By studying spider limb regeneration, scientists have been able to investigate the rules that spiders use to construct their webs and embed them into virtual spiders to be used to inform aspects of modern robotics.
Spider webs are engineering wonders, built by species with 400 million years of accumulated practices and there is much to be learnt from the construction of these webs and the functionality of the creatures that make them.
Garden cross spiders can regenerate lost legs and use them immediately to build perfect webs, despite the new limb being much shorter than the one it replaced. This fascinating phenomenon has allowed scientists to investigate the rules spiders use to build their webs and how they use their legs for measurements.
Studies at the Universities of Oxford and Aarhus have revealed how a spider’s regenerated leg movements fit in with the other legs that are of normal length, coordinating complex movements and thread manipulations.
A study published by Fritz Vollrath and Thiemo Krink shows that each limb acts like a semi-independent computer and does much of the calculations for its positioning locally through adapted sensors, a phenomenon called morphological computing.
The complex sequences of movements and manipulations that the spider uses to construct its web can be translated into decision rules that can be tested. The behaviour is encoded in a set of formal ruled embedded in a virtual spider that draws computer webs on computer screens.
By using a using a combination of experiments with both real and virtual spiders, scientists have been able to analyse and verify the rule sets. They then encoded the decision rules into virtual genes and used a computer amination process – Genetic Algorithm – to develop computer-based ecosystems where different virtual challenges can be tested by virtual spiders.
Professor Fritz Vollrath, from the Oxford Department of Zoology and lead author, said: “We were surprised that an animal was able to ‘do its thing’ perfectly with a leg that is half its normal length and totally new i.e. with muscles that have not exercised and sensors that had no time to ‘learn’ how to respond.
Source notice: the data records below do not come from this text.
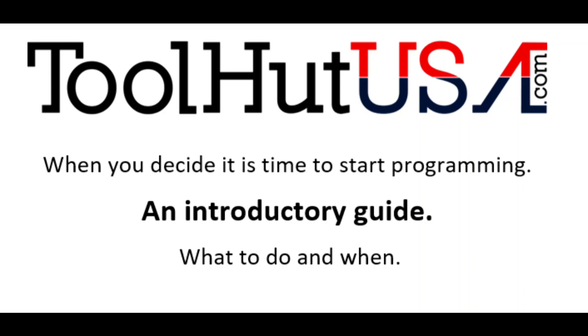Welcome to the Toolhut channel. Today we have a video intended for somebody that wants to get into doing programming — not so much an instructional video, but just some advice on getting into programming.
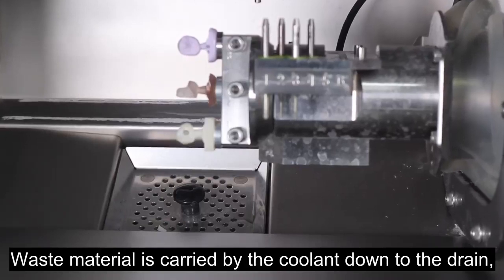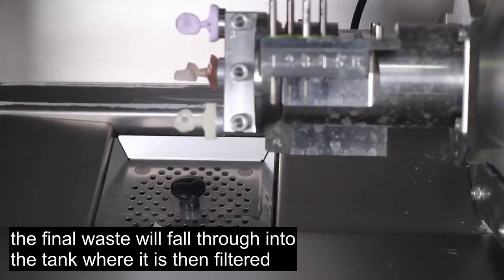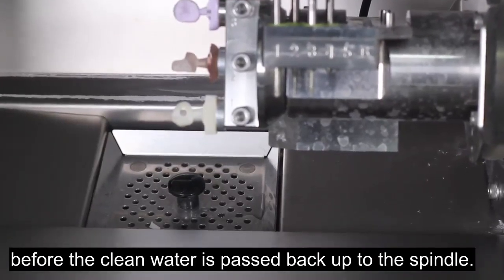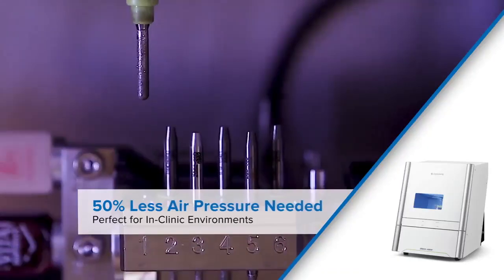Waste material is carried by the coolant down to the drain. The finer waste will fall through into the tank but is then filtered before the clean water is passed back up to the spindle. One of the innovations we have introduced has allowed us to reduce the level of compressed air required to drive the wet mill.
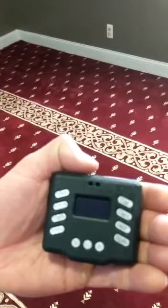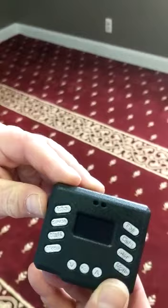As-salamu alaykum. I'm going to display how easy it is to use the digital rikkat counter by praying two rikats for Fajr.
“It has been exciting to use our novel techniques to unravel an animal’s hidden rules of behaviour by combining computer modelling with experimental studies of real animals’ behaviours.
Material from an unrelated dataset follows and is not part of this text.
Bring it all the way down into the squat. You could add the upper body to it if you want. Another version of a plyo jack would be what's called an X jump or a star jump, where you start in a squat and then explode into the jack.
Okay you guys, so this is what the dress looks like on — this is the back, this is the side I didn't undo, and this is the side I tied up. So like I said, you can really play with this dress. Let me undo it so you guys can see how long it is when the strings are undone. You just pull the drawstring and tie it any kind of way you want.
“Encoding the spider’s decision rules into cyber genes allows us to let the system evolve in a computer-based ecosystem by responding to virtual challenges such as cyber flies and imagined cost-benefit balances.”
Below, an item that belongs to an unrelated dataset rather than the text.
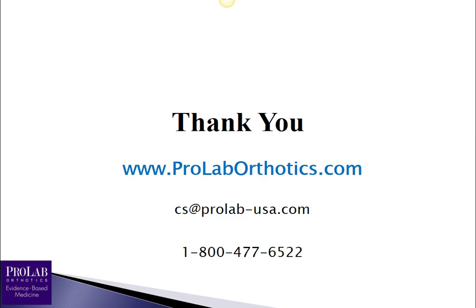You can find more information at ProLabOrthotics.com, or email us at cs@ProLab-USA.com, or call the number listed. The website has a tremendous amount of information including other videos on other pathologies and how to best write orthotic prescriptions. Thanks for listening — if you'd like to contact us, here's how to do it.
Vollrath and Krink hope that this understanding will inform aspects of modern Robotics about the ways and means that animals can execute complex tasks using simple rules in combination with adaptable skins and skills.
The algorithms used by virtual spiders are embedded in applications that can be downloaded, allowing students to study the decision rules online, and explore the role of evolution in animal behaviour and ecology.
The researchers aim to forge deeper links with roboticists to explore how spider behaviour can inform unmanned vehicle piloting and navigation, and how novel robots could be constructed and operate.